- [Task instructions]: Omit every picture and write out the rest of the records exactly.

- [Data records]:

^^^^^^^^^^^^^^^^

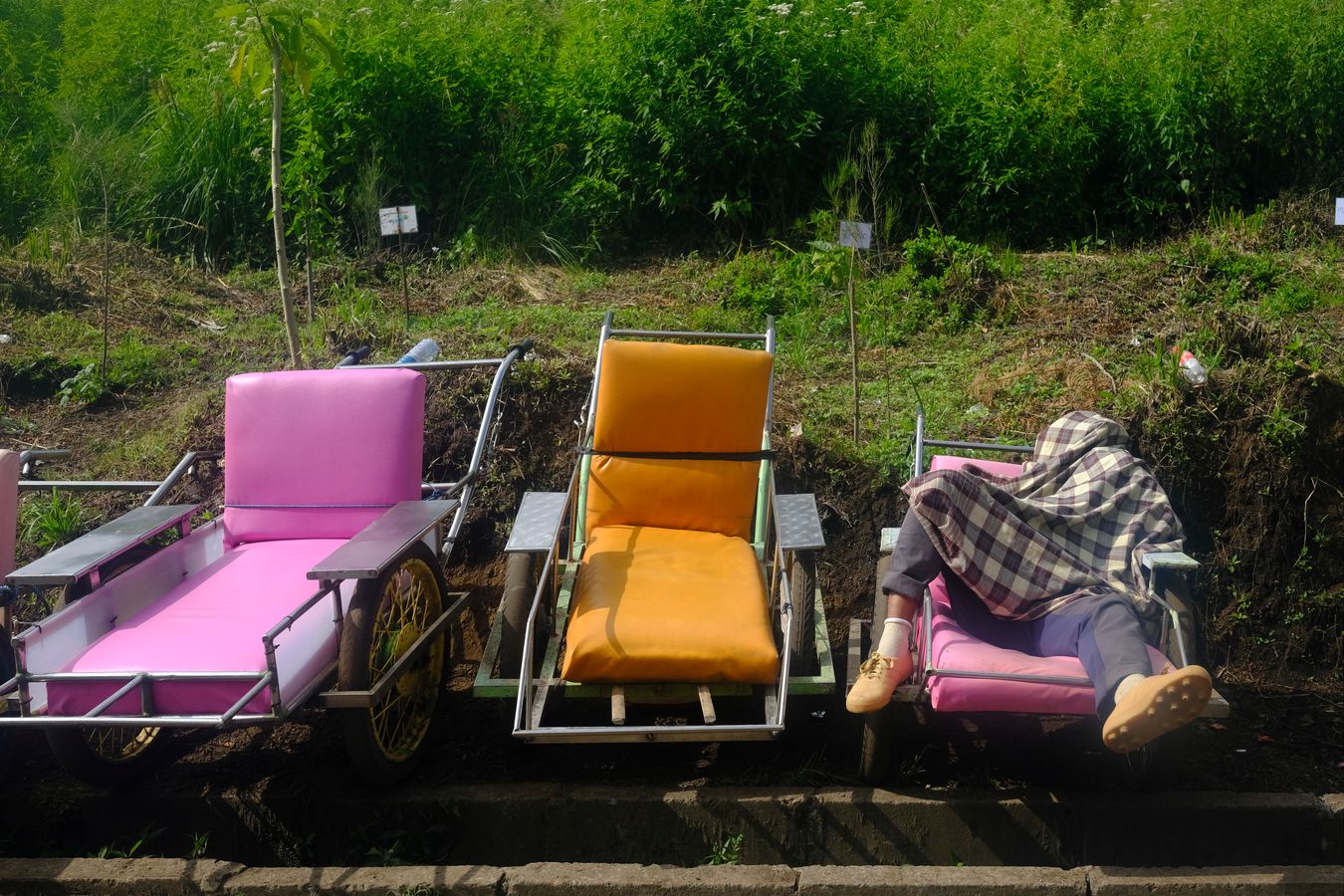 A porter rests on his wheelbarrow at the start of the climb to Ijen volcano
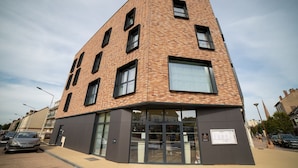 A modern building with a brick facade, large windows, and a ground-level entrance. - Le Mitigana (Migennes)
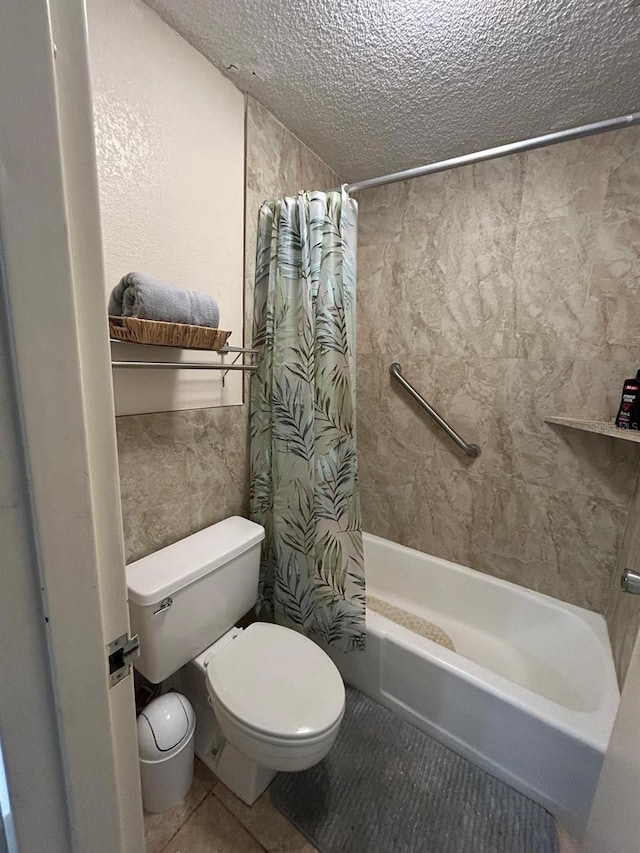 full bath featuring shower / bath combo, toilet, tile patterned flooring, a textured ceiling, and tile walls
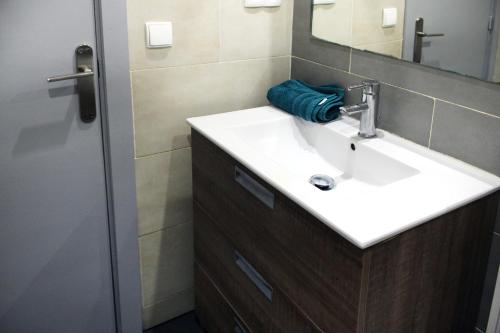bagno con lavandino bianco e specchio di ACOGEDOR APARTAMENTO CERCA DE BARCELONA a Mollet del Vallès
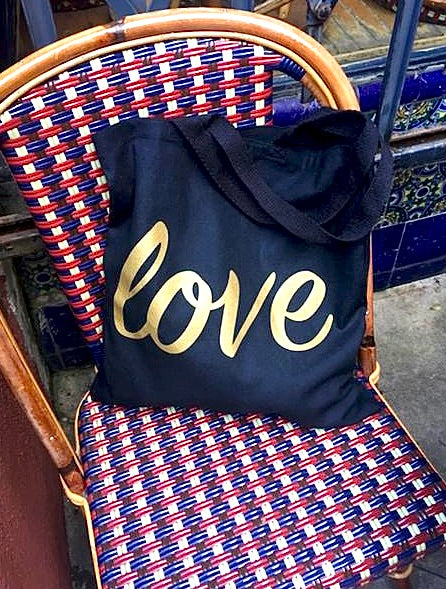 We Love this tote! Cotton canvas fabric tote in black with 'LOVE' screen printed in gold in cursive style. The perfect size to take wherever your heart's desire. Dimensions: 14" x 14" Machine wash, cold. Line Dry. Made in California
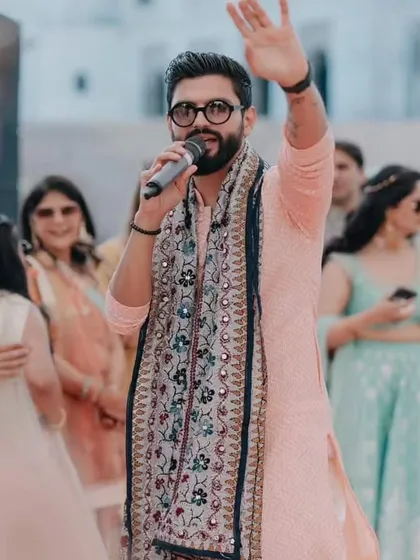 Waving to the crowd, ready to get the party started in my stylish ethnic wear.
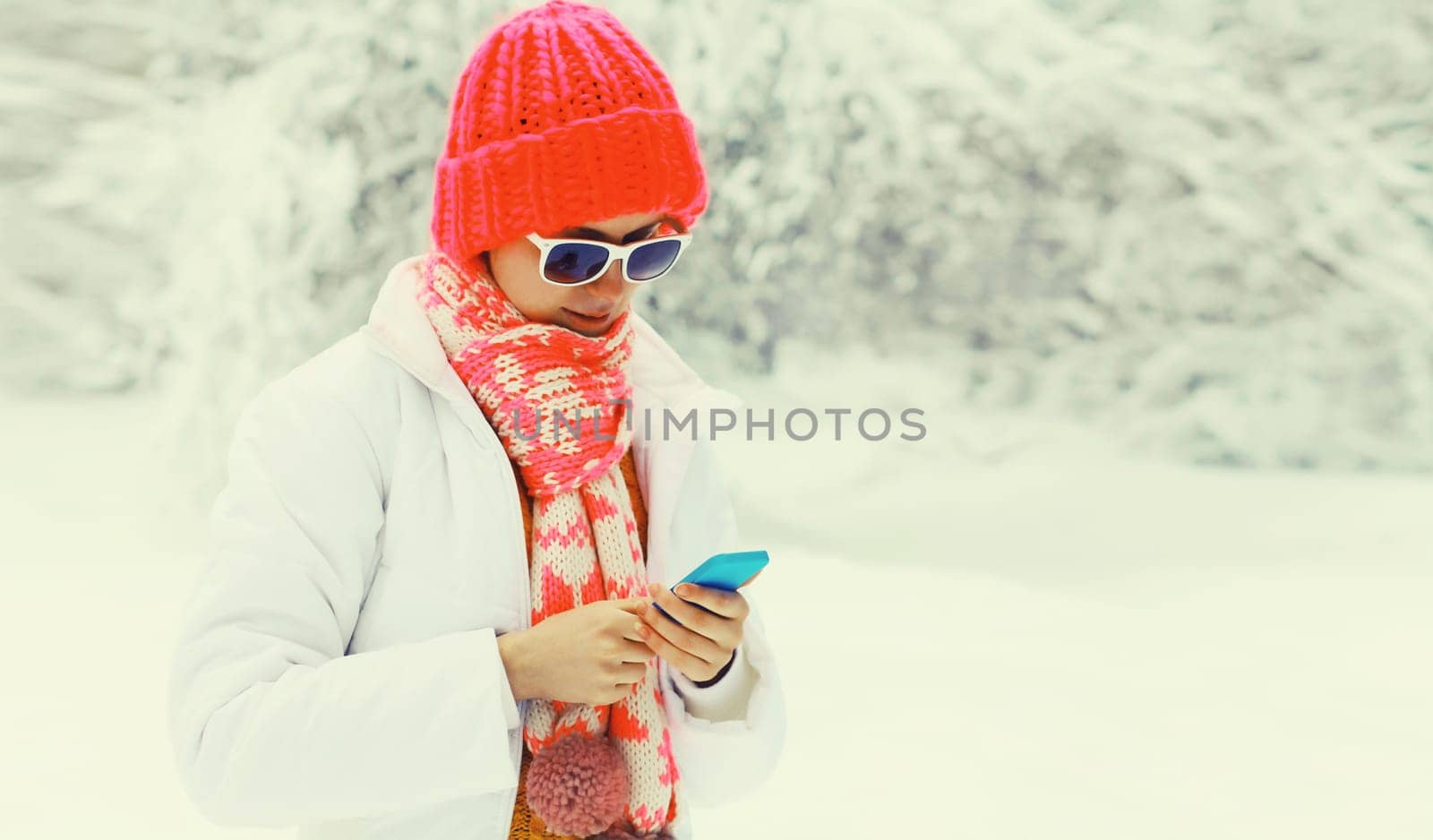 Winter portrait of happy young woman with mobile phone in knitted hat, scarf and jacket in snowy park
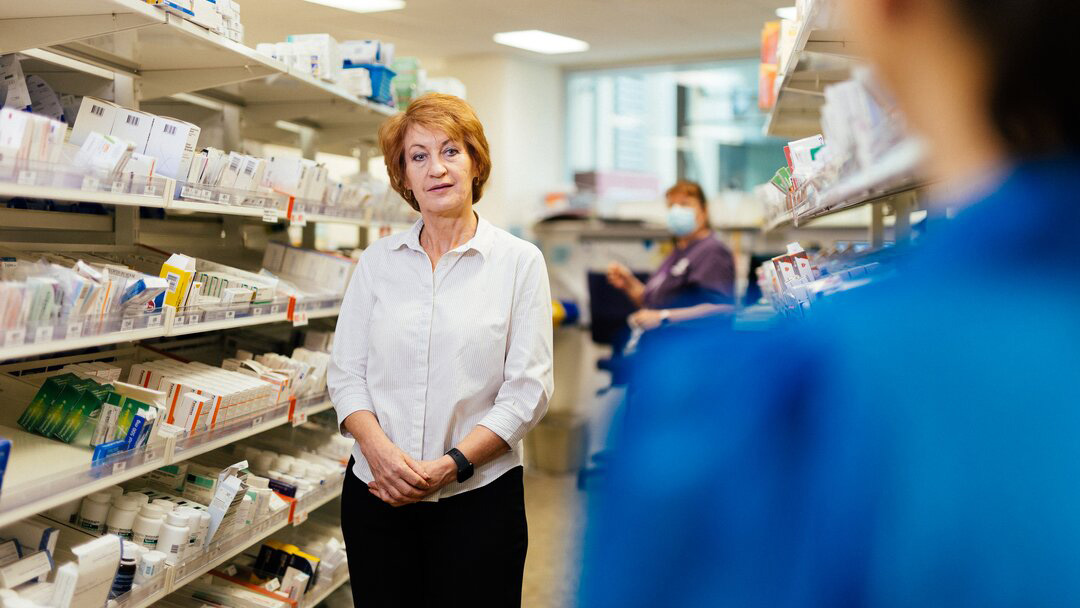 A woman stands in a pharmacy store, surrounded by shelves of health products and medications.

^^^^^^^^^^^^^^^^

- [Your solution]:
 A porter rests on his wheelbarrow at the start of the climb to Ijen volcano
 A modern building with a brick facade, large windows, and a ground-level entrance. - Le Mitigana (Migennes)
 full bath featuring shower / bath combo, toilet, tile patterned flooring, a textured ceiling, and tile walls
bagno con lavandino bianco e specchio di ACOGEDOR APARTAMENTO CERCA DE BARCELONA a Mollet del Vallès
 We Love this tote! Cotton canvas fabric tote in black with 'LOVE' screen printed in gold in cursive style. The perfect size to take wherever your heart's desire. Dimensions: 14" x 14" Machine wash, cold. Line Dry. Made in California
 Waving to the crowd, ready to get the party started in my stylish ethnic wear.
 Winter portrait of happy young woman with mobile phone in knitted hat, scarf and jacket in snowy park
 A woman stands in a pharmacy store, surrounded by shelves of health products and medications.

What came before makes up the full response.